If `status` is always one of four workflow states, say so. A bare `"type": "string"` lets the model return `"open"`, `"Open"`, `"OPEN"`, `"currently open"`, or anything else.

**Before:**

```json theme={"theme":{"light":"vitesse-light","dark":"vitesse-dark"}}
{
  "type": "object",
  "properties": {
    "status": { "type": "string" }
  },
  "required": ["status"]
}
```

**After:**

```json theme={"theme":{"light":"vitesse-light","dark":"vitesse-dark"}}
{
  "type": "object",
  "properties": {
    "status": {
      "type": "string",
      "enum": ["open", "in_progress", "resolved", "closed"]
    }
  },
  "required": ["status"],
  "additionalProperties": false
}
```

## Distinguish optional from nullable

"Not provided" and "explicitly empty" are different states. If your code treats them the same, you can't tell whether a field was never captured or was captured and found to be missing, and that ambiguity cascades into storage, analytics, and every system that touches the data.

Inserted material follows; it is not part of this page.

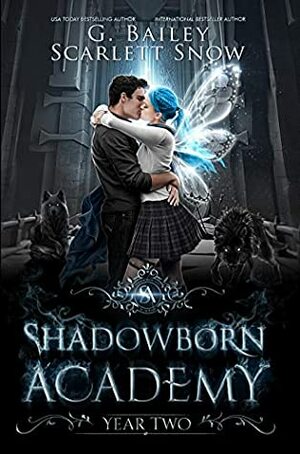 Shadowborn Academy: Year Two by G. Bailey, Scarlett Snow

Use `required` to control presence and `"type": ["string", "null"]` to allow explicit null values. A field that is both not required and nullable can be absent (not applicable), present with a value, or present as `null` (asked but unknown):

```json theme={"theme":{"light":"vitesse-light","dark":"vitesse-dark"}}
{
  "type": "object",
  "properties": {
    "middle_name": { "type": ["string", "null"] }
  },
  "required": [],
  "additionalProperties": false
}
```

See [Optional vs Null](/json-schema/optional-vs-null) for the full pattern.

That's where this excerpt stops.